• _TRY IT_: Where a line of the records holds the string "sino", copy that line.

• _SUPPLIED DATA_:
___

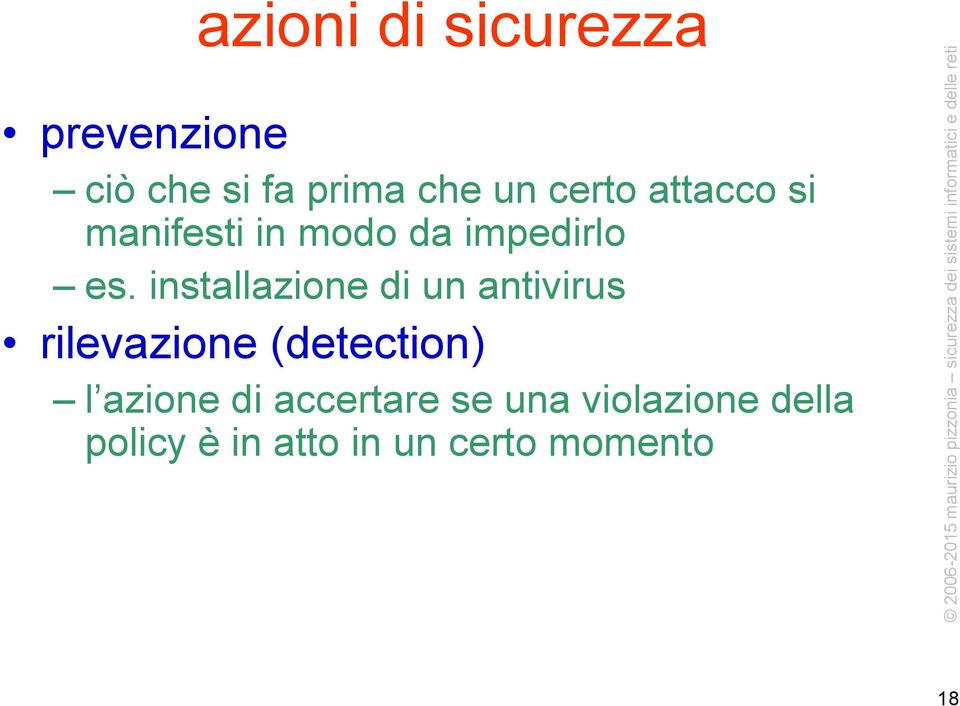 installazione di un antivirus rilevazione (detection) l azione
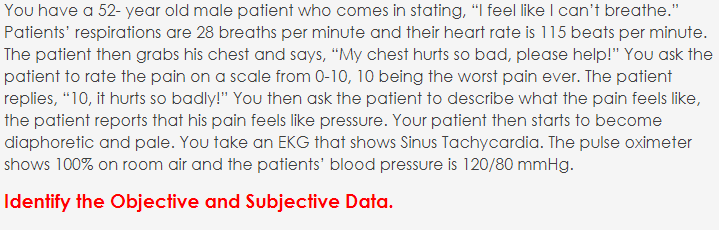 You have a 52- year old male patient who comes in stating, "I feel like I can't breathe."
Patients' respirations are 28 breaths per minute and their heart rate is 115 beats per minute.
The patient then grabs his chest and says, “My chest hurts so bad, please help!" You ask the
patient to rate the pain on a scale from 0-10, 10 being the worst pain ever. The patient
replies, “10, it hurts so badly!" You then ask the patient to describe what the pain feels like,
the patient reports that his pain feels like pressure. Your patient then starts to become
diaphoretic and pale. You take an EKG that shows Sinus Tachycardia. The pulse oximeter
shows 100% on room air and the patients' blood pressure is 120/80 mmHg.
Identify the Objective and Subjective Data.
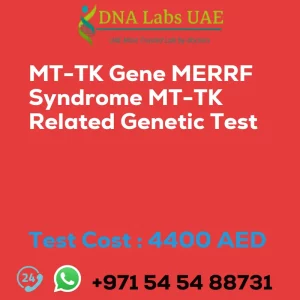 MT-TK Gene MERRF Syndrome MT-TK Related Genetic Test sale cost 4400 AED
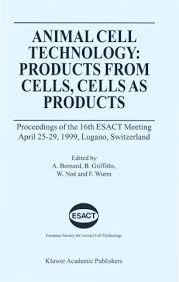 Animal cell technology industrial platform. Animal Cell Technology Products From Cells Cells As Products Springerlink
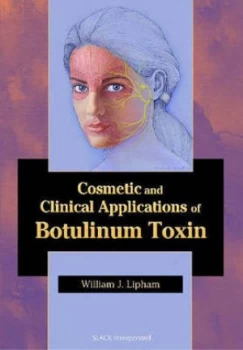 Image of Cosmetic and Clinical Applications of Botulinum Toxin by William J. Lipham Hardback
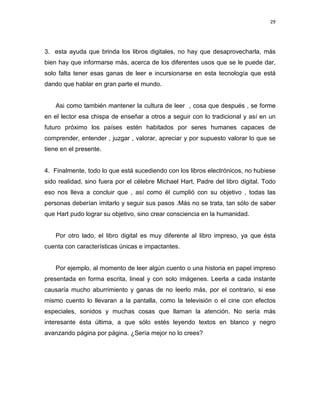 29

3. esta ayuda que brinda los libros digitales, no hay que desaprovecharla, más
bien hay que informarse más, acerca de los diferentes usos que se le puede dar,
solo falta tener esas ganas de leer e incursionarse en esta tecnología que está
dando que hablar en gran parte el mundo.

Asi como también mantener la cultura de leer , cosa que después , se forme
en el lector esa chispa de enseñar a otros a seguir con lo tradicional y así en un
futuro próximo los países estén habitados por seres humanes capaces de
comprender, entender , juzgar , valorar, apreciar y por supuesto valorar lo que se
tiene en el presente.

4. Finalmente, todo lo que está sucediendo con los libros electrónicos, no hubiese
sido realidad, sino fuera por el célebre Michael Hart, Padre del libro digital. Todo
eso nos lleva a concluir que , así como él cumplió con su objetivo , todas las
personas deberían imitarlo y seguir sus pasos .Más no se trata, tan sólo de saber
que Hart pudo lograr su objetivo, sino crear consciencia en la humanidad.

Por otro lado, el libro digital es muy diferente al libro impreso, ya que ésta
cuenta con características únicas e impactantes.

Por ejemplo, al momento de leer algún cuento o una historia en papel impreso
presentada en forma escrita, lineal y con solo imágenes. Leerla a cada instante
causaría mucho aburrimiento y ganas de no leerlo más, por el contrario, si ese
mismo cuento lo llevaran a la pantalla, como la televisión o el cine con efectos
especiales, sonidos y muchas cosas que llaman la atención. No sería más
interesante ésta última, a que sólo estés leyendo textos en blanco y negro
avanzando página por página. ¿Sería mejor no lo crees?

___

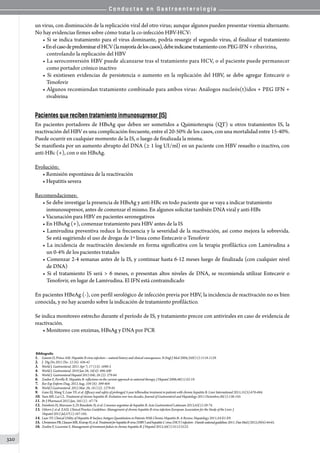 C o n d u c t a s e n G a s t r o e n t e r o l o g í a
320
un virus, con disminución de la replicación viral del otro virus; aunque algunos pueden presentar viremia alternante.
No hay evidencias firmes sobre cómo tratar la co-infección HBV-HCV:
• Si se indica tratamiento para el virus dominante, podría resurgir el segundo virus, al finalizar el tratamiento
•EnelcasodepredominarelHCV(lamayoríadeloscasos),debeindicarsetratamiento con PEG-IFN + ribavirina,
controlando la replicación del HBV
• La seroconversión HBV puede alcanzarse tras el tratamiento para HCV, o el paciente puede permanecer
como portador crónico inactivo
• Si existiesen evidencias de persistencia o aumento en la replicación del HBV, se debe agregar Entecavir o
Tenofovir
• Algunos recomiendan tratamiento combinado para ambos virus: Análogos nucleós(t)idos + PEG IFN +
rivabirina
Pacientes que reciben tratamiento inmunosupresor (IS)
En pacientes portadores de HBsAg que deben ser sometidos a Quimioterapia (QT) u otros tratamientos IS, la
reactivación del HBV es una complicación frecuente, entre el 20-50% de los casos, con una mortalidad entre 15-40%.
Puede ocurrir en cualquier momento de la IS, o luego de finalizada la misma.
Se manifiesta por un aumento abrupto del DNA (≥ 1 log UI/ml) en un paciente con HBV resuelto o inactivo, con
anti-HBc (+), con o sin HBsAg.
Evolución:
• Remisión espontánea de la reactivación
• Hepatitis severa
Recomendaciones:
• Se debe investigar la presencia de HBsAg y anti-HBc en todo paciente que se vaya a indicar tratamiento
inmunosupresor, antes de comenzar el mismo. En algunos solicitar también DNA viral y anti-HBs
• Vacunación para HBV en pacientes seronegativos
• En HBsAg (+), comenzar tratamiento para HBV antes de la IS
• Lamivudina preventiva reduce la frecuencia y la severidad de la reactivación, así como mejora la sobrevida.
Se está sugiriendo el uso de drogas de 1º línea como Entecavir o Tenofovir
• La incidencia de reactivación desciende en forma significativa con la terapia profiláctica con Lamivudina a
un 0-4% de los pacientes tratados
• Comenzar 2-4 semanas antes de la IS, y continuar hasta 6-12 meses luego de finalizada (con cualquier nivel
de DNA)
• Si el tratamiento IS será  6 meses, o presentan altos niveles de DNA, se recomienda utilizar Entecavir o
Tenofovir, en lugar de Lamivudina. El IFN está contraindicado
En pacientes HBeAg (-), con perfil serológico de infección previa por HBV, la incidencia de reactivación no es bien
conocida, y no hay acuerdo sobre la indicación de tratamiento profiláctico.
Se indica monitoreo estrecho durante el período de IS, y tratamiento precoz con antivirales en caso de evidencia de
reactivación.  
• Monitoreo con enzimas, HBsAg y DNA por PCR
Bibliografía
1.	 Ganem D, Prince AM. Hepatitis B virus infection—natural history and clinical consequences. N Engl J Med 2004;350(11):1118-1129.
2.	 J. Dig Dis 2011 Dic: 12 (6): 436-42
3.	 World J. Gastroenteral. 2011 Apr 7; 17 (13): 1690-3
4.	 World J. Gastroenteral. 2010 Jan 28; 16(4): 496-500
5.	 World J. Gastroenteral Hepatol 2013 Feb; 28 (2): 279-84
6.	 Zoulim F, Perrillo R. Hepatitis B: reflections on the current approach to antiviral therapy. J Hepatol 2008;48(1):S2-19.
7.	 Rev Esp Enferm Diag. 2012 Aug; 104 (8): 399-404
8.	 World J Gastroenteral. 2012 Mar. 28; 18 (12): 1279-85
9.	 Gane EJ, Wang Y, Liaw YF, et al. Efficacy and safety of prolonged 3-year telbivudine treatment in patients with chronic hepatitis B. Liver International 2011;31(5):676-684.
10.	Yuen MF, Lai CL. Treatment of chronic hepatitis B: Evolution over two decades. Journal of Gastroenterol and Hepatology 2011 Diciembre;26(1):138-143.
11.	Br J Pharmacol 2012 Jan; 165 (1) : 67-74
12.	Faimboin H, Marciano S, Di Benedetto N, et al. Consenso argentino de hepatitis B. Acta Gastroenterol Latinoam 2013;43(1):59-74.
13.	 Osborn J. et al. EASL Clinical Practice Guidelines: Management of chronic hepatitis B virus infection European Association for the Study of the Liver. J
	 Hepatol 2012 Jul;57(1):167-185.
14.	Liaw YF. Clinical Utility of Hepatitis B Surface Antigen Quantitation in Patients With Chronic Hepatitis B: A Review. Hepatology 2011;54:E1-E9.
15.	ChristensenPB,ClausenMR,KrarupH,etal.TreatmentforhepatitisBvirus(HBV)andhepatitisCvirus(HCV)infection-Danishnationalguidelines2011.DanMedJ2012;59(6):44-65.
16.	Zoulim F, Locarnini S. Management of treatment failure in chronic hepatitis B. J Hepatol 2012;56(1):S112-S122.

___

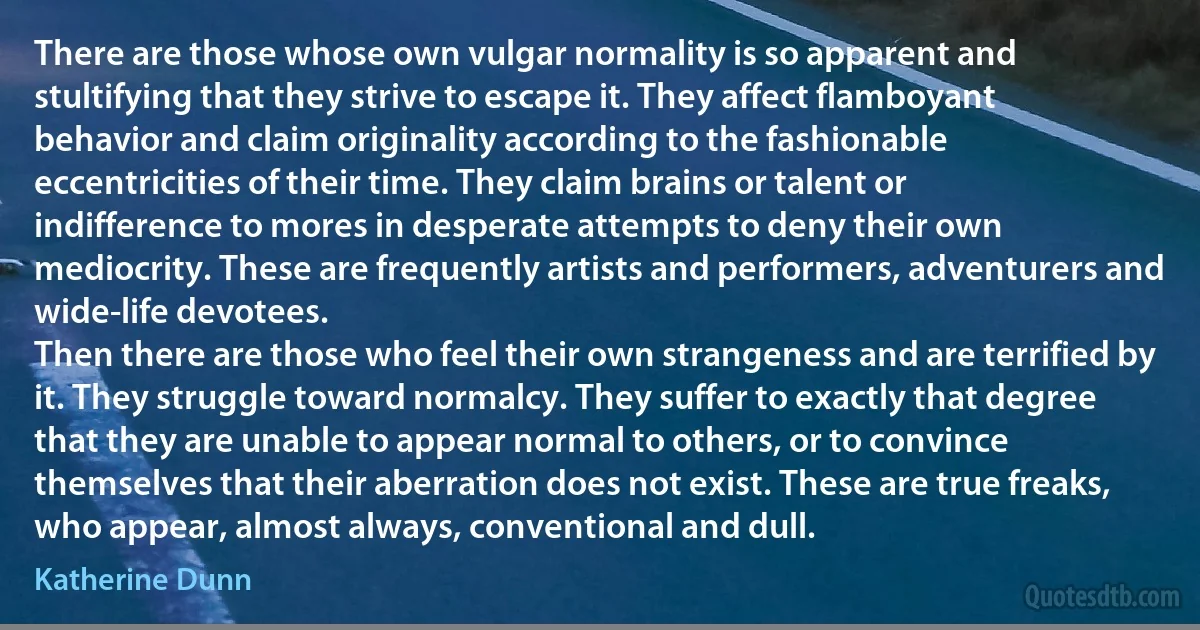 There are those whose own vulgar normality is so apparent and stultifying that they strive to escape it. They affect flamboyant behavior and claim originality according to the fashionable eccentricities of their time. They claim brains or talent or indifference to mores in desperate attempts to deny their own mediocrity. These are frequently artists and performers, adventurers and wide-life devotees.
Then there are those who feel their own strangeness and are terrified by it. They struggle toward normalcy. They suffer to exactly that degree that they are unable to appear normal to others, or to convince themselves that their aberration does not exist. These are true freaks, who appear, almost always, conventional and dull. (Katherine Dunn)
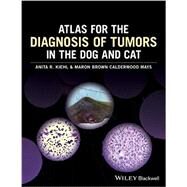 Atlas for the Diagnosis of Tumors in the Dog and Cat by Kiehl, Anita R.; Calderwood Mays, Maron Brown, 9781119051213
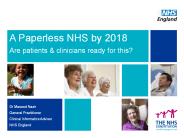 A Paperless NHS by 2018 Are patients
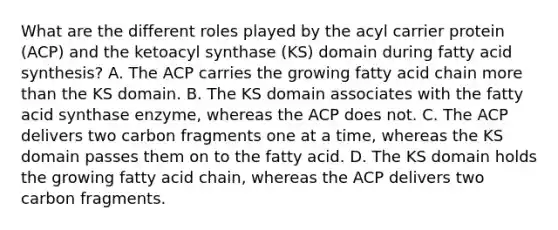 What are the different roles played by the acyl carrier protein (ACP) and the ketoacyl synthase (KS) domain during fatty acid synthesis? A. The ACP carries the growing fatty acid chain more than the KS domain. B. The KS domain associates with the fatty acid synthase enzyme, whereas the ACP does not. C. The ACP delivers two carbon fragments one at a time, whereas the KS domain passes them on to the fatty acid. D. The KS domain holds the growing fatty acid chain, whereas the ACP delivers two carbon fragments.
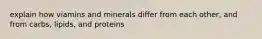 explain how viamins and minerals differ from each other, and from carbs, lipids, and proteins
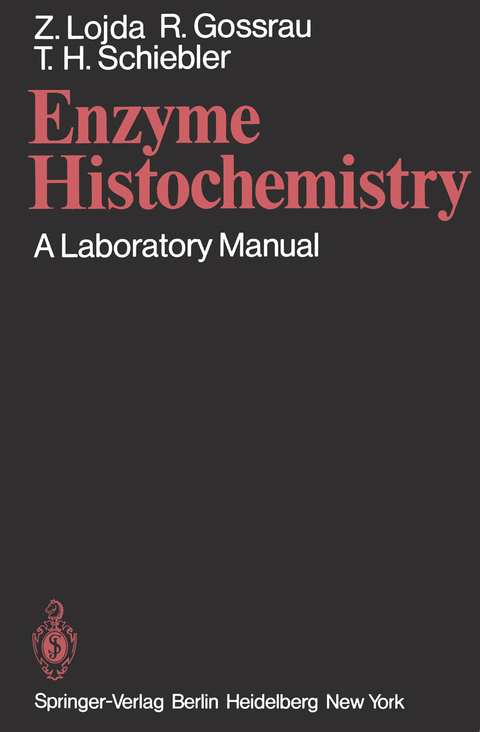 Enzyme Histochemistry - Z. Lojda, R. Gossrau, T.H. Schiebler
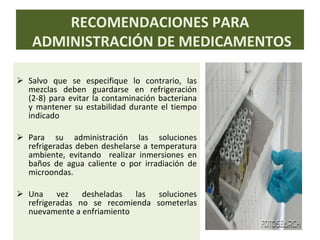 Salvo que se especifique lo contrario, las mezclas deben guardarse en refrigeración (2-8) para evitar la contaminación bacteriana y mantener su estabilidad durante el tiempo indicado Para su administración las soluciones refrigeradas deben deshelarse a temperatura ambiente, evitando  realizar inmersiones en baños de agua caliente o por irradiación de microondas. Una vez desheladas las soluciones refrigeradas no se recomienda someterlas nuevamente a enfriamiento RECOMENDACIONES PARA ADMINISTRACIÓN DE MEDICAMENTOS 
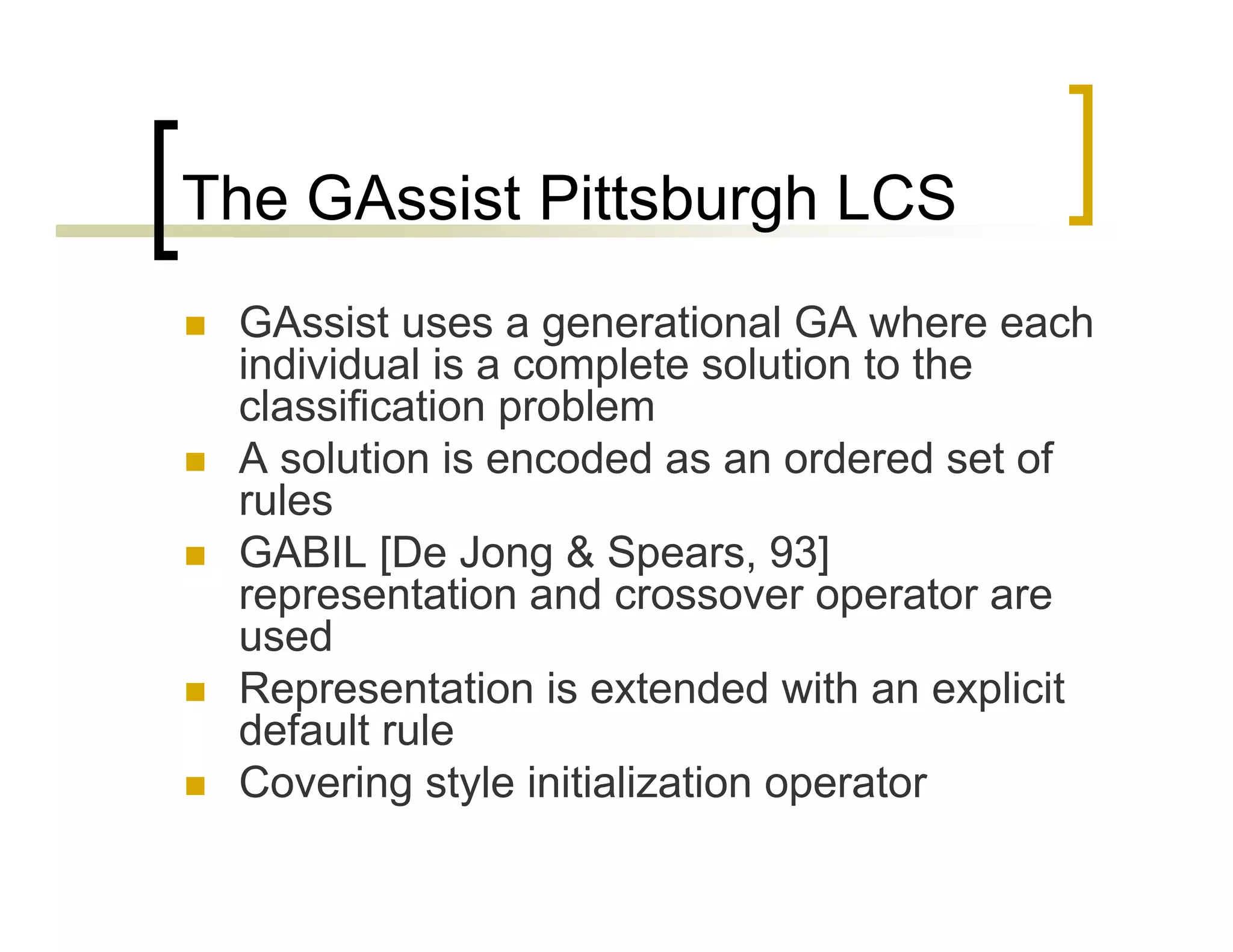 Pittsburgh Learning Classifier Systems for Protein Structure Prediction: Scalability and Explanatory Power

___

• _OUTPUT BELOW_:
sido realidad, sino fuera por el célebre Michael Hart, Padre del libro digital. Todo
que Hart pudo lograr su objetivo, sino crear consciencia en la humanidad.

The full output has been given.